Alabama Lawmakers Commit To Contesting Space Command HQ Location

After President Biden’s recent choice against moving U.S. Space Command headquarters to Huntsville, Alabama, the state’s congressional delegation asserts the battle is ongoing, as reported by The Hill.

Chairman of the House Armed Services Committee Mike Rogers (R-AL) has committed to escalating an investigation into the reasoning behind the choice to retain the command in its temporary Colorado Springs headquarters.

Rogers recently released a public statement that Biden’s decision had political motives.

Opting against relocating the headquarters to Huntsville, Biden’s choice results in the area losing around 1,400 jobs. This loss could have contributed approximately $1 billion to the region’s economy on an annual basis.

In the final days of his administration, ex-President Donald Trump selected Huntsville as the permanent command headquarters. However, upon assuming office, President Biden announced his intent to reassess that decision.

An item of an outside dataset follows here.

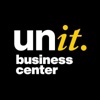 Unit business center Logo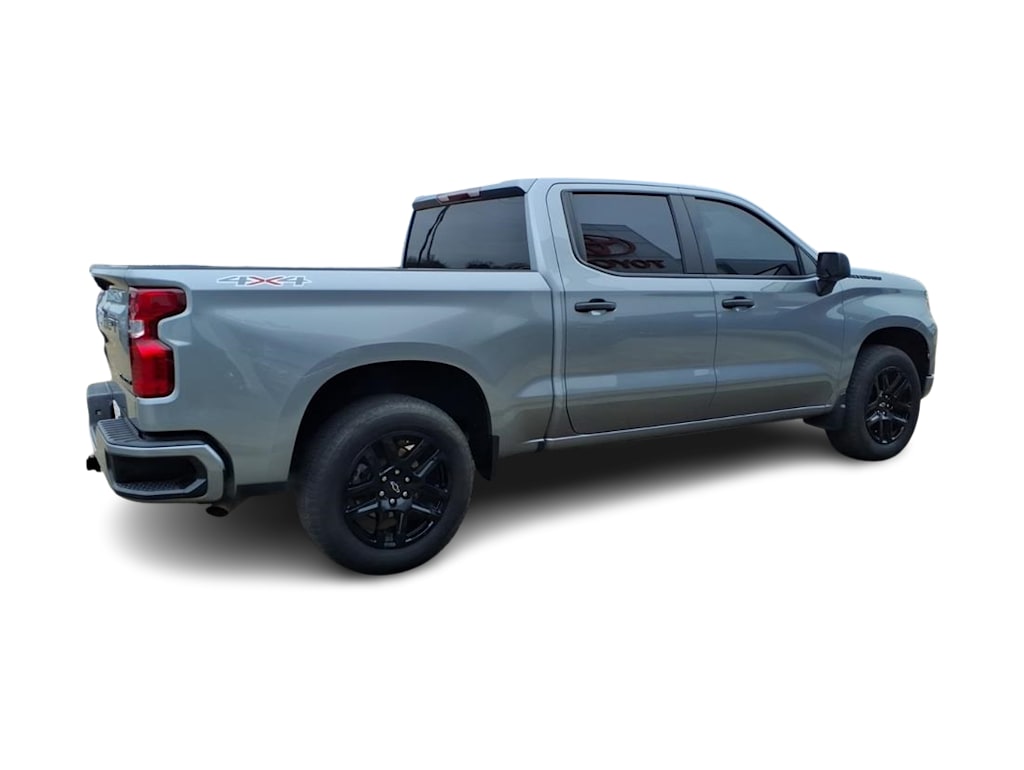 Thumbnail: 2024 Chevrolet Silverado 1500 - 16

The rationale provided by the Biden administration for its decision highlighted that moving the headquarters could span a 10-year duration, potentially affecting military preparedness. In contrast, the Colorado Springs headquarters could be operational within a month.

However, lawmakers from Alabama emphasized that abortion politics played a significant role in the choice, particularly following a May NBC News report indicating that Biden’s decision not to relocate the headquarters was influenced by the state’s near-total abortion law.

Furthermore, the administration has been displeased with the ongoing obstruction of promotions for over 200 Pentagon officers by Sen. Tommy Tuberville (R-AL). Tuberville’s action is in protest of a recent Defense Department policy that offers paid leave and covers travel expenses for military personnel seeking abortions across state borders.

Rep. Jerry Carl (R-AL) stated, “It is clear the Biden administration cares more about advancing their far-left agenda than the security of our nation. We will not give up this fight because Space Command belongs in Huntsville.”

Nonetheless, the course of action available to lawmakers remains uncertain, even if they discover evidence of any questionable decision-making.

Despite launching his investigation in May, Rogers’ efforts have produced limited outcomes thus far. Nevertheless, he is presently striving to compel the administration to provide the requested information. He emphasized that he has made five appeals for documents linked to the relocation, but each of these requests has remained unanswered.

Rogers has set a deadline of August 9 for the submission of the documents and is warning of the possibility of issuing a subpoena if compliance is not met.